日本郵政上場までの経緯とグループ各社に求められるもの
郵政グループ3社が4日、東証1部に上場されました。もともとの国営事業の株式上場はNTT以来で、最後の大物といわれ、多くの投資家からも注目されていました。そもそも郵便事業はいつ始まり、どのような経緯で民営化され、上場に至ったのでしょうか? 上場後、郵政グループ各社には何が求められているのかを、東洋大学経営学部の石井晴夫教授が解説します。
1871年郵政事業が始まる
郵政事業は、1871年(明治4年)に郵便が創業されたことが始まりです。1875年(明治8年)には、郵便役所が「郵便局」と改称され、同時に、郵便為替と郵便貯金も創業されました。そして、1885年(明治18年)に逓信省が発足し政府による事業の統合が行われ、さらに1916年(大正5年)には簡易生命保険も創業され、こうして三事業一体の基礎的なサービス体制が整えられたのです。

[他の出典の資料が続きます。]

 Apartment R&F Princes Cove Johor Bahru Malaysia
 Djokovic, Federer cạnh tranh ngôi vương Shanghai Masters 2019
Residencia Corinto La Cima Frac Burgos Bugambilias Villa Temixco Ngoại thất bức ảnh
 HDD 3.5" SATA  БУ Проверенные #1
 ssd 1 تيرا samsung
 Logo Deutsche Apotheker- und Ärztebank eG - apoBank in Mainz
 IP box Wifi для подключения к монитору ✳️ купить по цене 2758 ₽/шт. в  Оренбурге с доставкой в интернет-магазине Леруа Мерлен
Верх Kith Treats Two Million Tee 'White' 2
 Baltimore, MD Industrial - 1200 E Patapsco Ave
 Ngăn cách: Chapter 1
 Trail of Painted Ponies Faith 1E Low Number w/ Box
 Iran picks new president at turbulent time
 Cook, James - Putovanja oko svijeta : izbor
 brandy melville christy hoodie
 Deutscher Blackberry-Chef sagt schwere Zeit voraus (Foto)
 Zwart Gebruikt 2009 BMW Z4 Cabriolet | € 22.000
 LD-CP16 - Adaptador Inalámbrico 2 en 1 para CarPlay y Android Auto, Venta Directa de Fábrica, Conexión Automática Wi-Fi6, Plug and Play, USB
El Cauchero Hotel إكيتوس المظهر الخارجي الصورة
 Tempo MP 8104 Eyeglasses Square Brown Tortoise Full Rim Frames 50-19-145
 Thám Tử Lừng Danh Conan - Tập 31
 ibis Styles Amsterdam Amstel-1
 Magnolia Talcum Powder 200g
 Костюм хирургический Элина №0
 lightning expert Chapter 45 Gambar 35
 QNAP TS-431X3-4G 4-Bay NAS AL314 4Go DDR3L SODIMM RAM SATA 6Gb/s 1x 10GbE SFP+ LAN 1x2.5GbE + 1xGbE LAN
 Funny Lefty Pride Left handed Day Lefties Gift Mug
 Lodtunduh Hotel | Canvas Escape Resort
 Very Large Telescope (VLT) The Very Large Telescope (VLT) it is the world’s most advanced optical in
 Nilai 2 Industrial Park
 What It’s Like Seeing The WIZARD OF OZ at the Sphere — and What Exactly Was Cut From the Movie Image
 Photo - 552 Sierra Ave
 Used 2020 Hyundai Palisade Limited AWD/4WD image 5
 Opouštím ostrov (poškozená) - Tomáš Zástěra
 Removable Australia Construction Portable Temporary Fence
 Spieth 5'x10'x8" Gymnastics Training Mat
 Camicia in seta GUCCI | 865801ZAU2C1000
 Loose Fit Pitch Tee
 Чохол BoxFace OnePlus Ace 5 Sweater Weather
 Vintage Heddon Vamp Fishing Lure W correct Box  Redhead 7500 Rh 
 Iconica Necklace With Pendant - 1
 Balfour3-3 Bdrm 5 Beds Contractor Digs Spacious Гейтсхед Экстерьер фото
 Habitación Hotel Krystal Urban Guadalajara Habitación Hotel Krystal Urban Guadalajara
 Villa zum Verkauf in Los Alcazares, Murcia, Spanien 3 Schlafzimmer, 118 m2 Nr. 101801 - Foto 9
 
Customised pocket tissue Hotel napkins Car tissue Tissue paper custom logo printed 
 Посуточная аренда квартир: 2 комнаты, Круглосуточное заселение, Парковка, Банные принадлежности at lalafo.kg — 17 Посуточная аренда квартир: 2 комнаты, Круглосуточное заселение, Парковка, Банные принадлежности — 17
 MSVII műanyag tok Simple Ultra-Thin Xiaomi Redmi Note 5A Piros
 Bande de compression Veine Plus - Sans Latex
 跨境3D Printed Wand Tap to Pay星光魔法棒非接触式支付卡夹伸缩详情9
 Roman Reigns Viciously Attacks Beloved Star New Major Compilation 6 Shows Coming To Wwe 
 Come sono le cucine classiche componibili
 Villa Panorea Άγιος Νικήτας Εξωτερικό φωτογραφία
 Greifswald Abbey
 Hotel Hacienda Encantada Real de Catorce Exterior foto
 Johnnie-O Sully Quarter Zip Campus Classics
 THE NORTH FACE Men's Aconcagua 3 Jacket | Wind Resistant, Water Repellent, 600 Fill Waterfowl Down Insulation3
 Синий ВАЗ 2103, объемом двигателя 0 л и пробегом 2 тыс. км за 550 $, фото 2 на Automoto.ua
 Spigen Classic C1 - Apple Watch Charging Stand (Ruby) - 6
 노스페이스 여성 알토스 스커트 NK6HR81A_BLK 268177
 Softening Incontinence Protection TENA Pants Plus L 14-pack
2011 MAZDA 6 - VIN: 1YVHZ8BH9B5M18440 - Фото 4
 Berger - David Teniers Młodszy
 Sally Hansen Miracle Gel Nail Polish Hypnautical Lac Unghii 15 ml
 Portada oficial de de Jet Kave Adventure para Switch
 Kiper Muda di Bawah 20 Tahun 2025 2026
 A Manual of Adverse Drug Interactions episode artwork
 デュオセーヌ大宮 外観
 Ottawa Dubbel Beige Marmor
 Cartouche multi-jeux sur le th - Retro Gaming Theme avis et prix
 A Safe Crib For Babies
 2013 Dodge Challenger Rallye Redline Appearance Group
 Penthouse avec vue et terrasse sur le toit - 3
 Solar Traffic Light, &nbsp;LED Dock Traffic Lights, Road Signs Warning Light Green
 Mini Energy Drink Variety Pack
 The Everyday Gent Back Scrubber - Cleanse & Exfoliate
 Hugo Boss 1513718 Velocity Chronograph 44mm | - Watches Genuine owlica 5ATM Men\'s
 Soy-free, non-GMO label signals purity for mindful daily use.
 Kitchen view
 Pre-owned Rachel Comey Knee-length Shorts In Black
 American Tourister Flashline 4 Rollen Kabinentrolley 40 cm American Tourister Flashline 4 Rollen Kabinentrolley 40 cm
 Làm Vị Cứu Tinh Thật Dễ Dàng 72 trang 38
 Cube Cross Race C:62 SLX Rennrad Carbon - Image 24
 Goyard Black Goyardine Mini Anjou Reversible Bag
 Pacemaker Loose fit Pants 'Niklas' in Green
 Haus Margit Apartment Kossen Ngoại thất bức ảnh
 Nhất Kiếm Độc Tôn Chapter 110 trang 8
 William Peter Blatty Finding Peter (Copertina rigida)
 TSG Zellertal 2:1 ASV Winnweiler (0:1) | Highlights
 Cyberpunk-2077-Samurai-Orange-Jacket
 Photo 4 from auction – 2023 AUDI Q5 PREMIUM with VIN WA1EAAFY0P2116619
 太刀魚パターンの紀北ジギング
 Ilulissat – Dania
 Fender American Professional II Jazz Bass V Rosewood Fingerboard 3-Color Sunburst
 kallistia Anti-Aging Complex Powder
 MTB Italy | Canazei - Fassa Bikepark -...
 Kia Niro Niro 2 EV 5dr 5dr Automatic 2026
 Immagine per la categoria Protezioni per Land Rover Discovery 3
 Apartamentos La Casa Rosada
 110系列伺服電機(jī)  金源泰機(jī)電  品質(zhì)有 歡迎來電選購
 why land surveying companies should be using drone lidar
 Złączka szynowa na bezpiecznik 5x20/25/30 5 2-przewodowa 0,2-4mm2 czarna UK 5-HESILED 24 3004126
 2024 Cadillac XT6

第二次世界大戦後の1949年(昭和24年)には、逓信省と分離して郵政省が発足し、その後半世紀を経て、2001年(平成13年)1月6日の中央省庁再編の実施により、郵政省・自治省・総務庁が統合して「総務省」と「郵政事業庁」に再編されました。そして、2年後の03年4月には、中央省庁等改革基本法第33条に基づいて国営の新たな日本郵政公社が創設されたのです。
郵政民営化関連法案の否決と成立
2001年4月に内閣総理大臣に就任した小泉首相は、「聖域なき構造改革の断行」そして「民間にできることはすべて民間に任せる」との原則を公約として掲げ、その中心となるのが構造改革と道路関係四公団及び郵政事業の民営化であるとしました。 04年9月10日に臨時閣議を開き、郵政民営化の基本方針と全閣僚で構成する郵政民営化推進本部(本部長・小泉首相)の設置を決定しました。この基本方針に基づき、内閣官房に設置した「郵政民営化準備室」を中心として、郵政民営化のための詳細な制度設計が行われ、05年の通常国会に郵政民営化法案が提出されました。当初、政府の郵政民営化法案の中心は、(1)郵政事業の4分社化、(2)貯金・保険事業の民有・民営、(3)郵便局におけるユニバーサルサービスの範囲縮小など、市場経済に依拠したものです。 同年8月8日、参議院本会議において「郵政民営化関連法案」は最終的に否決され、同法案は廃案となりました。同法案に対する反対の意見としては、「今まで税金等が一切投入されていない健全な郵政事業を、なぜ今民営・分社化するのか理解できない。郵政民営化によって採算重視の経営になり、中山間地域や離島など不採算の郵便局が閉鎖に追い込まれる。郵政事業が4分社化されると利用者に混乱が生じると共に、内部取引コストが急増し、消費税などの公租公課も急増する」というものです。 この結果を受けて、小泉首相はすぐに衆議院を解散し、同年9月11日の郵政民営化の是非を問う総選挙は圧倒的多数で与党が勝利したのです。そして、同年10月11日、衆議院本会議において「郵政民営化法案」など郵政関連6法案の採決が行われ、賛成338票、反対138票で可決され、同年同月14日には、参議院本会議において郵政民営化法案など郵政関連6法案の採決が行われ、賛成134票、反対100票で可決・成立しました。